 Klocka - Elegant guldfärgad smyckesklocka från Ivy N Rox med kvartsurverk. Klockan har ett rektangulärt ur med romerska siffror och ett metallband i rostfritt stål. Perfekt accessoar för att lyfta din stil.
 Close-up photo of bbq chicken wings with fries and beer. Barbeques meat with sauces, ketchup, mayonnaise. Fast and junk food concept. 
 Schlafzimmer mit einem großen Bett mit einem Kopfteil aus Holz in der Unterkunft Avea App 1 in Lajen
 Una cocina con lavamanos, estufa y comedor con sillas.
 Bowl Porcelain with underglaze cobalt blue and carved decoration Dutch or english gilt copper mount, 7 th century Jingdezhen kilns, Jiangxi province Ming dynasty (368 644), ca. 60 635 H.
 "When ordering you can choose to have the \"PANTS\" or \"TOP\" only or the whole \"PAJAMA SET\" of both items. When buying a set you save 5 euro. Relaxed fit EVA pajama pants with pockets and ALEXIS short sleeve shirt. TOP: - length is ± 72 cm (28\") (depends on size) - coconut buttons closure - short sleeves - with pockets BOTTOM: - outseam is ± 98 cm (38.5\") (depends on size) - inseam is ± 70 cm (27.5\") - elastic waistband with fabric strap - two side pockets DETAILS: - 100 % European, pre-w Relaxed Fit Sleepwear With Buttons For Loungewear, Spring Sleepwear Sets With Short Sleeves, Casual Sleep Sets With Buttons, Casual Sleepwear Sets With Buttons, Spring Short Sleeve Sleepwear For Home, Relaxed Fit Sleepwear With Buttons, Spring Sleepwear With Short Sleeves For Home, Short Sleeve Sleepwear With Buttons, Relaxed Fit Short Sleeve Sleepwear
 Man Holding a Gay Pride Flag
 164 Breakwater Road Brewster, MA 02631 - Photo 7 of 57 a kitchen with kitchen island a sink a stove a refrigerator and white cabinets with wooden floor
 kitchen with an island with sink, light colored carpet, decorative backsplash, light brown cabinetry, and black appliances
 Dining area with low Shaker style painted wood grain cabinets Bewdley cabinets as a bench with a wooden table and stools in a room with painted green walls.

__Exercise goal__: For every line above with the word "cabinets" in it, make a copy.

__Answer to the exercise__:
 164 Breakwater Road Brewster, MA 02631 - Photo 7 of 57 a kitchen with kitchen island a sink a stove a refrigerator and white cabinets with wooden floor
 Dining area with low Shaker style painted wood grain cabinets Bewdley cabinets as a bench with a wooden table and stools in a room with painted green walls.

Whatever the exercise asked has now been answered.